Apple’s standoff with the FBI shows that the U.S. urgently needs new laws setting limits on what investigators can demand of tech companies, says Microsoft’s president.
March 1, 2016

Even the Supreme Court can’t settle the conflict underlying Apple’s standoff with the FBI over whether it must help investigators unlock iPhones, Microsoft president Brad Smith said Tuesday. Congress must urgently study up on encryption and pass new legislation to define what companies can be required to do to help law enforcement, he said.

That can be achieved only by new legislation restricting what the government can ask of technology companies, he said. Smith did not say what he thought those limits should be, but he said new rules are urgently needed because existing legislation is so old. The FBI’s court order demanding that Apple help it break into the San Bernardino shooter’s iPhone was issued under the All Writs Act of 1789.

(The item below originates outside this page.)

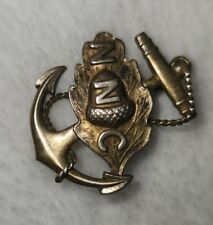 WW2 NNC  Cap/Hat Pin/Badge-US Navy Nurse Corps-Sterling-Meyers-Pin Back-USN-USMC picture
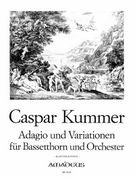 Adagio and Variations For Basset-Horn and Orchestra, Op. 45 : Piano Score.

Smith, also Microsoft’s chief legal officer, made those calls in a forceful speech at the world’s largest computer security conference, RSA, in San Francisco.

He said that Apple’s fight with the government raises a “fundamental question for this country and the world.” And he offered strong support to Apple CEO Tim Cook’s claim that helping the FBI would create a “back door” that would undermine the security of consumers.

“The path to hell starts with a back door,” said Smith. “We need to make sure that encryption technology remains strong.”

“We need governments to strike the balance,” said Smith. “But it needs to be a well-informed balance.”

He backed the idea of establishing a congressional commission of experts to help legislators craft a new law, an idea being advanced by Senator Mark Warner, a Democrat from Virginia, and Representative Michael McCaul, a Republican from Texas who is chair of the House Committee on Homeland Security.

Microsoft president and chief legal officer Brad Smith.

“A commission of experts gives us the best possible opportunity to move the law forward,” Smith said.

Microsoft, and Smith in particular, has emerged as Apple’s staunchest ally in its dispute with the FBI. He offered firm and at times theatrical support in Congress last week, waving a floppy disk to illustrate how technology has changed since the Electronic Communications Privacy Act was passed in 1986 to control law enforcement’s access to e-mails. Microsoft will file an amicus brief in the upcoming court case between Apple and the FBI.

Google, whose own mobile software offers an encryption feature similar to the one frustrating the FBI in the San Bernardino case, has offered less firm public support to Apple. The company will join a separate amicus brief filed by several tech companies in Apple’s case, though.

The case will be the second in which Microsoft is taking on the U.S. government. The company has an ongoing case against the Department of Justice, saying a warrant demanding e-mails related to a narcotics case, which are stored in a data center in Ireland, is an attempt to overreach the jurisdiction of U.S. law.